Na Farmácia Preço Popular, os farmacêuticos estão disponíveis para esclarecer dúvidas sobre medicamentos voltados ao alívio de dores de cabeça e para oferecer soluções com preços acessíveis, sempre com foco na sua saúde.
Perguntas frequentes sobre enxaqueca com aura
Enxaqueca com aura é perigosa?
A enxaqueca com aura, em si, não é considerada perigosa na maioria dos casos. Porém, está associada a um risco aumentado de AVC isquêmico, especialmente em mulheres jovens que fumam ou usam anticoncepcionais com estrogênio. O acompanhamento com neurologista é essencial para monitorar fatores de risco.
A aura sempre vem antes da dor de cabeça?
Na maior parte dos casos, a aura precede a cefaleia em até 60 minutos. No entanto, ela pode ocorrer durante a dor ou até sem cefaleia subsequente. Essa variação é normal e não indica necessariamente uma condição diferente.
Enxaqueca com aura tem cura?
Não existe cura definitiva para a enxaqueca com aura. Contudo, o tratamento adequado (que combina medicação preventiva, manejo de crises e mudanças no estilo de vida) pode reduzir significativamente a frequência e a intensidade das crises. Muitos pacientes conseguem excelente controle com acompanhamento neurológico contínuo.

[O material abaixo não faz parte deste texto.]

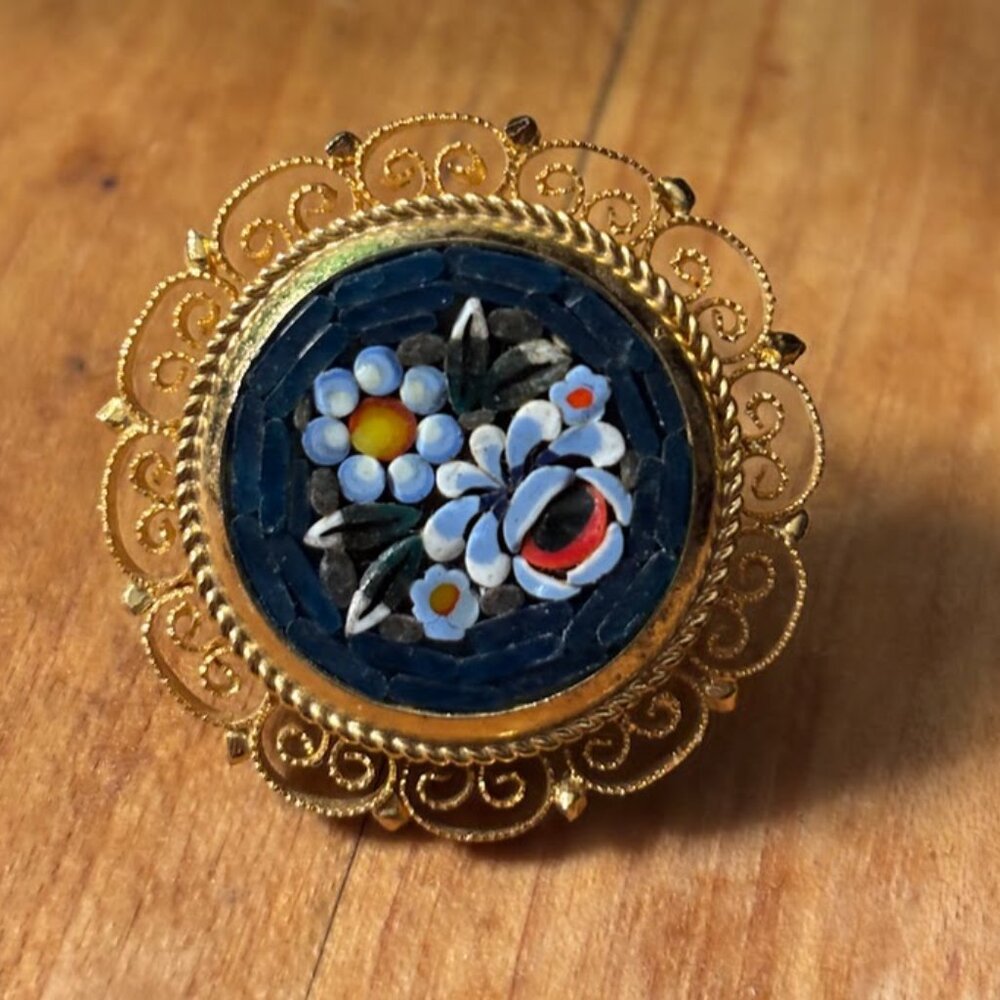 Vintage Micromosaic floral brooch from Italy,  Gold filigree
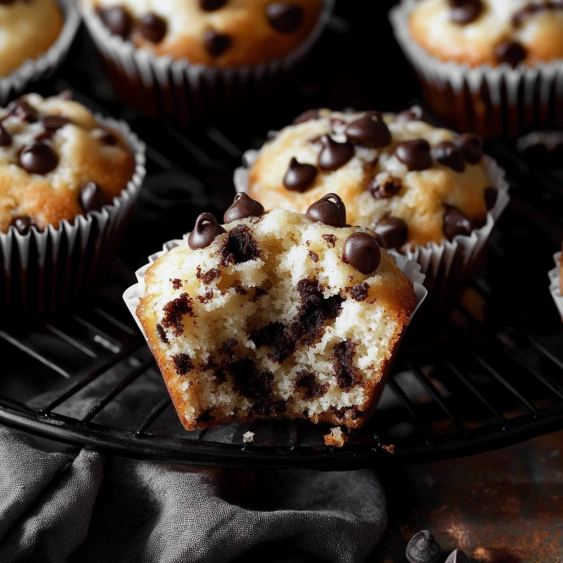 A cupcake with chocolate chips.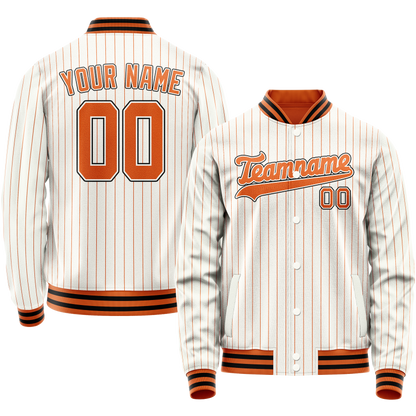 Custom White Orange Orange Pinstripe Varsity Letterman Jacket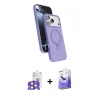 MARSİLYAN™- iPhone 17 Pro Max Kılıf İz Işık Koleksiyonu - Siyah Bilvis 5in1 5D Magic Hayalet Cam Ekran Koruyucu + Bilvis Titan Kamera Lens - TU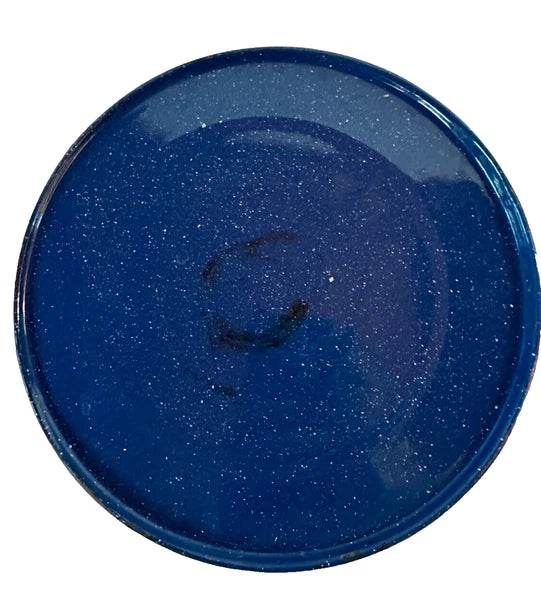 Vtg Blue w-White Speckled Enamelware Teapot Kettle w-Wire Wrap Coil Handle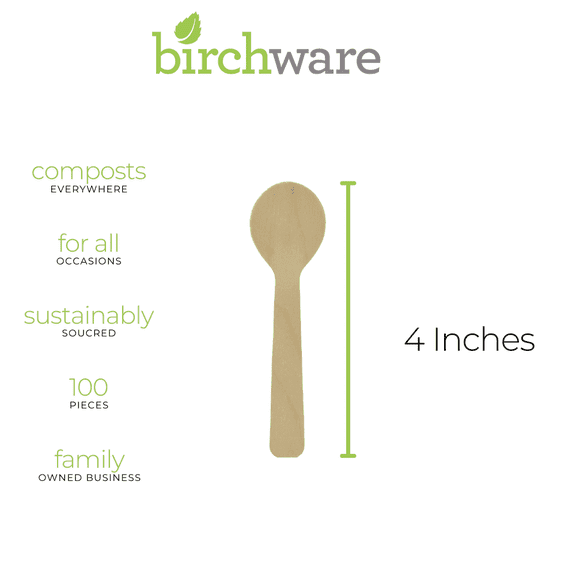 Birchware Compostable Wooden Disposable Mini Spoons, 100 Count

Estresse pode causar enxaqueca com aura?
O estresse é um dos gatilhos mais frequentes da enxaqueca com aura. Ele não causa a condição em si, mas pode desencadear crises em pessoas predispostas. Técnicas de gerenciamento de estresse, como meditação e terapia cognitivo-comportamental, fazem parte do manejo preventivo recomendado.
Existe diferença entre aura e AVC?
Embora alguns sintomas possam se assemelhar, como alterações visuais e formigamento, existem diferenças importantes. A aura se instala gradualmente, ao longo de minutos, e costuma ser transitória e reversível. Já o AVC apresenta sintomas súbitos que não melhoram espontaneamente. Na dúvida, procure atendimento de emergência.
Esperamos que você tenha gostado deste artigo e que ele seja uma fonte de consulta em seu cuidado com a saúde e bem-estar. A Farmácia Preço Popular acredita que a informação segura é mais uma ferramenta indispensável de cuidado e proximidade com os clientes.